The NEMA standards cover a wide range of electric motor frame sizes used in North America. However, there are some electric motors that are larger than the largest NEMA frame sizes. These motors are typically used in heavy industrial applications, and their frame sizes are often designated by different standards.

One common standard for larger electric motor frame sizes is the IEEE (Institute of Electrical and Electronics Engineers) standard. The IEEE standard defines frame sizes for large AC and DC motors used in industrial applications. These frame sizes range from 315 to 1000, with corresponding shaft heights ranging from 400 mm to 1600 mm.

Another standard for large electric motor frame sizes is the IEC (International Electrotechnical Commission) standard. The IEC standard defines frame sizes for AC motors used in Europe and other parts of the world. These frame sizes range from 315 to 1000, with corresponding shaft heights ranging from 400 mm to 1600 mm.

It’s worth noting that electric motors larger than the NEMA standards are often custom-built to meet the specific needs of the application they will be used in. These motors may have unique frame sizes, configurations, and performance characteristics that are tailored to the requirements of the application.

What Are NEMA Standards?

NEMA standards are the North American equivalent of IEC electric motor standards, and they primarily focus on the type of enclosure electrical components have (though NEMA standards encompass far more than this). Manufacturers can choose to design and produce components that comply with NEMA standards, but this is a voluntary distinction for electrical component manufacturers.

Electrical enclosures with a NEMA rating are assessed as meeting certain standards related to protection from corrosion, dust, and chemical damage. These standards are updated every five years and communicate to potential purchasers the level of durability that electrical enclosures have in certain environmental conditions. Non-NEMA motors and electrical enclosures can be just as safe as — or even safer — than NEMA products based on the regulations and quality standards of the specific manufacturer.

NEMA Design Classes

NEMA Motor

NEMA standards establish four distinct design classes. Motors that fall within each design class have different characteristics and are manufactured to have different levels of durability in their operational environments. The four NEMA design classes are:

NEMA Class A

Electric motors within NEMA Classes A, B, and C each have a maximum 5% slip standard. NEMA Class A motors must meet that standard with a medium or high starting current. They must also have a normal breakdown torque, or the maximum torque at a rated voltage and frequency level without decreasing in speed, and locked rotor torque, the torque the motor develops from a zero-speed start. NEMA Class A motors are trusted in a wide variety of commercial, industrial, and building applications, such as in fans and pump systems.

NEMA Class B

NEMA Class B motors must also have a normal breakdown torque, just like Class A motors. However, they need to have a low starting current and be able to accommodate normal starting torque levels. They also must be able to provide or withstand a high locked rotor torque. This distinction is ideal for motors that will power elements through HVAC systems.

NEMA Class C

NEMA Class C motors share many of the requirements of NEMA Class B products.
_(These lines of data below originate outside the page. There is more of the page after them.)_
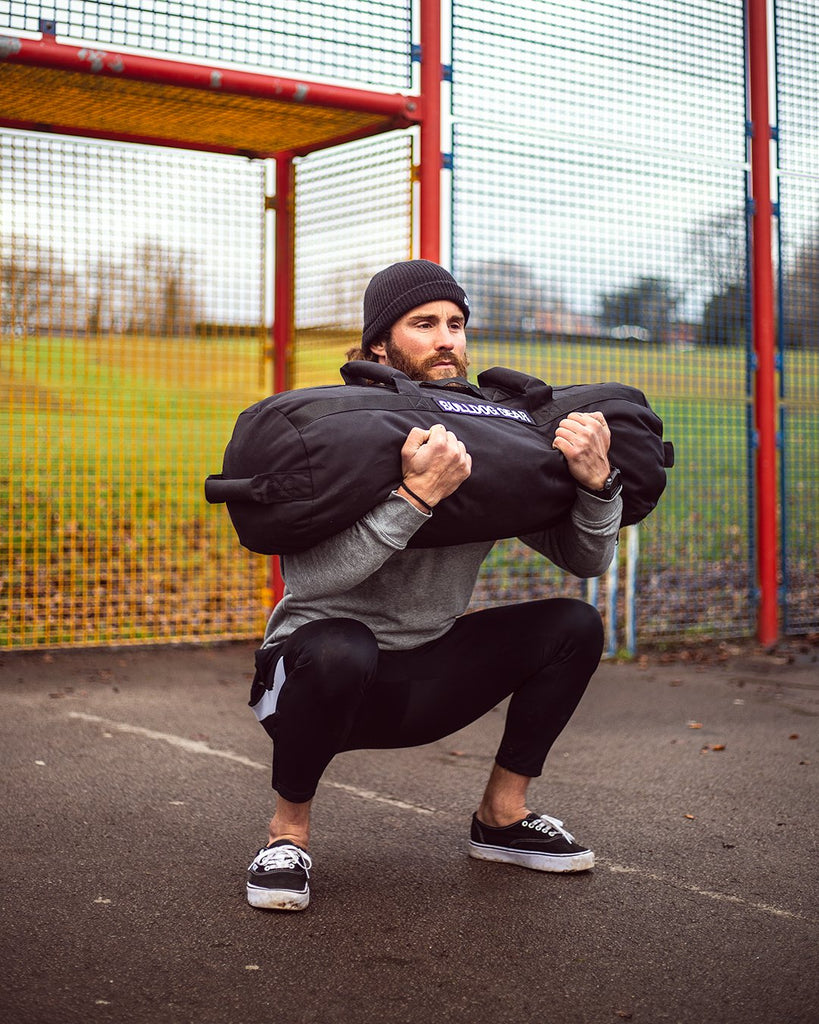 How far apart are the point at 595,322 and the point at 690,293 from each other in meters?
0.68

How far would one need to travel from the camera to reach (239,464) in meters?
2.81

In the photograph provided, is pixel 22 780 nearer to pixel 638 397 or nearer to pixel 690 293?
pixel 638 397

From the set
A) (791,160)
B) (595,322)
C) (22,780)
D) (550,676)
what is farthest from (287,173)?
(550,676)

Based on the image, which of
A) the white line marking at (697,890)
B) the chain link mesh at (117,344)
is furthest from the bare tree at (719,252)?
the white line marking at (697,890)

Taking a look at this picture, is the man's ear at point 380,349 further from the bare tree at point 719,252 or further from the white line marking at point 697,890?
the bare tree at point 719,252

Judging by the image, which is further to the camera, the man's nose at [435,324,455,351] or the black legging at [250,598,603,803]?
the man's nose at [435,324,455,351]

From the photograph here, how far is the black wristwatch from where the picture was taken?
9.82ft

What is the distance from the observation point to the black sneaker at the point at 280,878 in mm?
2852

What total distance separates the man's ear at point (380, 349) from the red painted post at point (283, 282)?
344 centimetres

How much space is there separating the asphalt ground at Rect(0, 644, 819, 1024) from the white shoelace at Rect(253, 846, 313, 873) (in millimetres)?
111

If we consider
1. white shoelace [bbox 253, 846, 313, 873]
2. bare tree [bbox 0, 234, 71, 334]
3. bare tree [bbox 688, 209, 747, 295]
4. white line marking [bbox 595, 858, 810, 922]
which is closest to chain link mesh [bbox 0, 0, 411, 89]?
bare tree [bbox 0, 234, 71, 334]

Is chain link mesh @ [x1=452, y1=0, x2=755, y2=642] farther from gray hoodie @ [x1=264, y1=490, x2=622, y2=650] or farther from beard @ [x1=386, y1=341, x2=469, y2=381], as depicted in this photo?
gray hoodie @ [x1=264, y1=490, x2=622, y2=650]

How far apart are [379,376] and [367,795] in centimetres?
163

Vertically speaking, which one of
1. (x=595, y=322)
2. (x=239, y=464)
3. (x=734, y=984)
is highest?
(x=595, y=322) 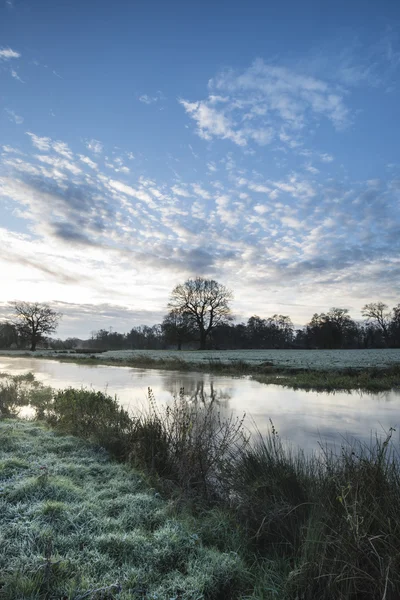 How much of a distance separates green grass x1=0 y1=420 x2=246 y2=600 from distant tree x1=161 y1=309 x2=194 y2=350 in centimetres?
6383

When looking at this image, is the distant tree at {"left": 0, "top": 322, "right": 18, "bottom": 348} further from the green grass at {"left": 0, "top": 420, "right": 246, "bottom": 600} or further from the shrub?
the green grass at {"left": 0, "top": 420, "right": 246, "bottom": 600}

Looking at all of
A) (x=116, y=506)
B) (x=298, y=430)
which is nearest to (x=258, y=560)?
(x=116, y=506)

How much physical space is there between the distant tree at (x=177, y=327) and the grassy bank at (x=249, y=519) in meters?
62.4

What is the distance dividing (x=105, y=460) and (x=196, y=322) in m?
64.8

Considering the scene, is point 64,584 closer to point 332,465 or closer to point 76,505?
point 76,505

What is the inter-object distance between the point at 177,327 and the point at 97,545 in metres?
66.1

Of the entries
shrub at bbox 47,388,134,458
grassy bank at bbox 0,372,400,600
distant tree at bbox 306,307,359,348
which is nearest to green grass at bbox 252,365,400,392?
shrub at bbox 47,388,134,458

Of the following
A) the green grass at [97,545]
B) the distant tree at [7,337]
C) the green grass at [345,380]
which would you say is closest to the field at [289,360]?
the green grass at [345,380]

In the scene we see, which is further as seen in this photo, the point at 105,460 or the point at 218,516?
the point at 105,460

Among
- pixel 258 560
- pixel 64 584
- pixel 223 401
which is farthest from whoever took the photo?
pixel 223 401

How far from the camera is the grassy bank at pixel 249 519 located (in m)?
3.71

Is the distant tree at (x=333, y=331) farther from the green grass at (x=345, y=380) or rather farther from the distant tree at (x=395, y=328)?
the green grass at (x=345, y=380)

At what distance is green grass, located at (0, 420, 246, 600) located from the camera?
358 centimetres

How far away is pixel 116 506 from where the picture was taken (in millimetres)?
5426
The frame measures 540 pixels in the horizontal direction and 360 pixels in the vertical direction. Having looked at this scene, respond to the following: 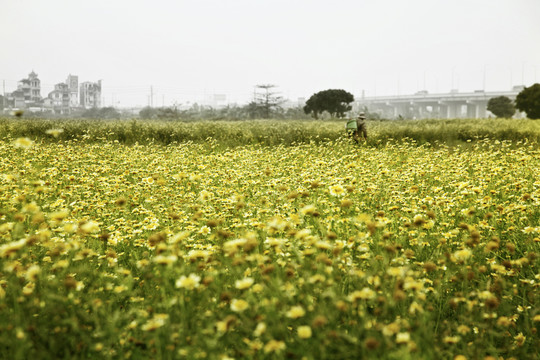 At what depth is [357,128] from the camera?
46.4ft

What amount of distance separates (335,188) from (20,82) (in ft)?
410

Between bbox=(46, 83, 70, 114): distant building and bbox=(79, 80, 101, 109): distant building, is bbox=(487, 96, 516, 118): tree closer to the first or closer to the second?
bbox=(46, 83, 70, 114): distant building

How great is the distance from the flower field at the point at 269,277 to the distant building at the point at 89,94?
456 feet

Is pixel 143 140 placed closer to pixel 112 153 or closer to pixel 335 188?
pixel 112 153

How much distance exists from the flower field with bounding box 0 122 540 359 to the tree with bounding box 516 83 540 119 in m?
36.1

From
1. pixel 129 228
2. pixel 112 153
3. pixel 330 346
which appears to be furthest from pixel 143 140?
pixel 330 346

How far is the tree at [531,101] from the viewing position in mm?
35969

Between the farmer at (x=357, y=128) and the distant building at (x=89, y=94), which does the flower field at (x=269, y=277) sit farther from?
the distant building at (x=89, y=94)

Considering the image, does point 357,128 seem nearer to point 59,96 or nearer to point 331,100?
point 331,100

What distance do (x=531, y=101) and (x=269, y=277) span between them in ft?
137

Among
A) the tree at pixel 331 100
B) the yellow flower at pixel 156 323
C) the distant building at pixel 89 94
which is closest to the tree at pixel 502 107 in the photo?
the tree at pixel 331 100

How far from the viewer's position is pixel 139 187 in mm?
5098

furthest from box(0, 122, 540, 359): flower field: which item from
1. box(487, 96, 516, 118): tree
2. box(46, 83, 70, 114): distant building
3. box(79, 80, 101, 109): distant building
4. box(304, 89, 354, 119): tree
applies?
box(79, 80, 101, 109): distant building

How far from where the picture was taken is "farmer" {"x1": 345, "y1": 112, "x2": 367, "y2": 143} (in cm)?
1382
However, they’re built for applications with a high starting torque and high level of inertia, such as large conveyor systems and heavy-duty systems.

NEMA Class D

NEMA Class D motors are built for high-inertia applications, such as oversized equipment including cranes and hoists found in construction or mining settings. These motors have a low starting current but a high locked rotor torque. They also have a maximum slip range of 5 to 13%.

NEMA Frame Sizes

Ranging from 42 to 449, NEMA frame sizes provide a standard by which all manufacturers can provide the same shaft, shaft height, length, etc. so that designers of equipment know in advance the dimensions a given motor based on HP and RPM.
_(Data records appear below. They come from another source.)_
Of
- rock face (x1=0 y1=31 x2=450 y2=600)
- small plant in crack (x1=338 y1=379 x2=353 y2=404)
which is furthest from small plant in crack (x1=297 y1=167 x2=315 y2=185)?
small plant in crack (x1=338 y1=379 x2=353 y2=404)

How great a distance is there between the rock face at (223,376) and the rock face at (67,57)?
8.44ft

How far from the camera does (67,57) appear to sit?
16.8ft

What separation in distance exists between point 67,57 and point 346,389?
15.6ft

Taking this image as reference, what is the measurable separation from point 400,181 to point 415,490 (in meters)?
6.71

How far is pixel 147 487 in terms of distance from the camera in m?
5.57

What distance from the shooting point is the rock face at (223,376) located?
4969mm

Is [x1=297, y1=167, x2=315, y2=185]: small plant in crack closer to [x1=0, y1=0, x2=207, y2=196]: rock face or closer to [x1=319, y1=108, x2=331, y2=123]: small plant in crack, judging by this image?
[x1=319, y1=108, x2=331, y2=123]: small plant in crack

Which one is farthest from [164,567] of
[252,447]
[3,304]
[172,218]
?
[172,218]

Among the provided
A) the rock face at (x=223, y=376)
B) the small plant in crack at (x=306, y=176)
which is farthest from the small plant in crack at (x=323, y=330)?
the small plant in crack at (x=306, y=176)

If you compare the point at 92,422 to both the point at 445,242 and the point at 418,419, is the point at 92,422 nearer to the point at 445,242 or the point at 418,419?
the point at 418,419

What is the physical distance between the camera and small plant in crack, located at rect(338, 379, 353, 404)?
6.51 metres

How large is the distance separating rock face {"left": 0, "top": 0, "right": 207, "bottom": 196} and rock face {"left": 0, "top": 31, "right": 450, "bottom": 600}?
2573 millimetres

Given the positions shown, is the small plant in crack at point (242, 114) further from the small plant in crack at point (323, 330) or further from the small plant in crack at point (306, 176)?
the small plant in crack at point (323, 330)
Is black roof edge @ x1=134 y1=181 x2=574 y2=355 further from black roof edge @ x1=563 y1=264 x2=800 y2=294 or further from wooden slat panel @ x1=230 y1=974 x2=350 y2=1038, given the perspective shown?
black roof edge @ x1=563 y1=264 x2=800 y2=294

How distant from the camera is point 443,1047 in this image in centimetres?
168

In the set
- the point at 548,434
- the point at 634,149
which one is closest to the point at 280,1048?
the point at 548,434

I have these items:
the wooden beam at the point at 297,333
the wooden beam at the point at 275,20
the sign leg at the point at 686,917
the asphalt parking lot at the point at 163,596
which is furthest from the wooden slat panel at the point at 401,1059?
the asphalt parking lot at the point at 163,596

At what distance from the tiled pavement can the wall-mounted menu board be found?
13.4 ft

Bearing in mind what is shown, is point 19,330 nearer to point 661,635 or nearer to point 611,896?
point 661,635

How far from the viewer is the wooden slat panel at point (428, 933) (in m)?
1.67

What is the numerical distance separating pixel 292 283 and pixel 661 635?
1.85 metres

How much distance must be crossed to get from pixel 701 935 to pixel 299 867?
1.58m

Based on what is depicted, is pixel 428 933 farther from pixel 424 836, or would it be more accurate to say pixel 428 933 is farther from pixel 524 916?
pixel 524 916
NEMA (National Electrical Manufacturers Association) standards are a set of guidelines that establish standardization for various electrical equipment, including electric motor frame sizes. The NEMA standard for electric motor frame sizes defines the physical dimensions, mounting, and other characteristics of electric motor frames used in North America.

The NEMA standard for electric motor frame sizes covers a wide range of motor sizes, from fractional horsepower motors to large motors used in industrial applications. The standard defines specific frame sizes, which are designated by a number that indicates the overall size of the frame. For example, a NEMA frame size 56 is a common size for fractional horsepower motors used in appliances and power tools.
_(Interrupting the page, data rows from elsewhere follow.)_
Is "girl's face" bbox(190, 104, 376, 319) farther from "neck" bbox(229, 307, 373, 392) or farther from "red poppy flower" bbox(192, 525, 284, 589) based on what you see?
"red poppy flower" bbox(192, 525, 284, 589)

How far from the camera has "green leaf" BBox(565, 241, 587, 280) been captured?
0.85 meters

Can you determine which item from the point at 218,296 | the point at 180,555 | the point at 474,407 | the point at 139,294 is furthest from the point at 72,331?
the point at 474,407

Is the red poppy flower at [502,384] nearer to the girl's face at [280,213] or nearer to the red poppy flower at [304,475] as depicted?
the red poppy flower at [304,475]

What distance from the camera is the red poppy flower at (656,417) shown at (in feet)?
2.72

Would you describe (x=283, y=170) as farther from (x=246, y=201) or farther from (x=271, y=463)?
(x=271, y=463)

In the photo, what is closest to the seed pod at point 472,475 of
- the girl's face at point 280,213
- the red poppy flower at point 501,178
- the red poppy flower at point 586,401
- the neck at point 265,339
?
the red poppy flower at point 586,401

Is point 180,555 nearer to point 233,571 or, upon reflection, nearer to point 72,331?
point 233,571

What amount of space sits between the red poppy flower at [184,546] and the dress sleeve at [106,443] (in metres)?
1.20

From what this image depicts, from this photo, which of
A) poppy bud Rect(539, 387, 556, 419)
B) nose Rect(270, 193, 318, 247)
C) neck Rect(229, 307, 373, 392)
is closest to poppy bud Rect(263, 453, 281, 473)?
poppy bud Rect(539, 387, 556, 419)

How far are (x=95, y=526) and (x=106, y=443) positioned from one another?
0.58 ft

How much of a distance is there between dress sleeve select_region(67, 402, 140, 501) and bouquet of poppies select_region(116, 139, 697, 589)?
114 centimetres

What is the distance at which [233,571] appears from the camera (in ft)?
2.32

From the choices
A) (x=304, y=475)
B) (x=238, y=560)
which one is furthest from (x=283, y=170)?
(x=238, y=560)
The NEMA standard also defines the mounting dimensions and other physical characteristics of the motor frame. This ensures that motors from different manufacturers can be easily interchanged and that the motor will fit properly in the equipment it is being used in. In addition to the frame size, the standard defines mounting options such as foot mounting or flange mounting, and specifies the shaft diameter and length.

Overall, the NEMA standards for electric motor frame sizes help to ensure that electric motors are compatible with the equipment they are being used in, and that they meet certain quality and performance standards.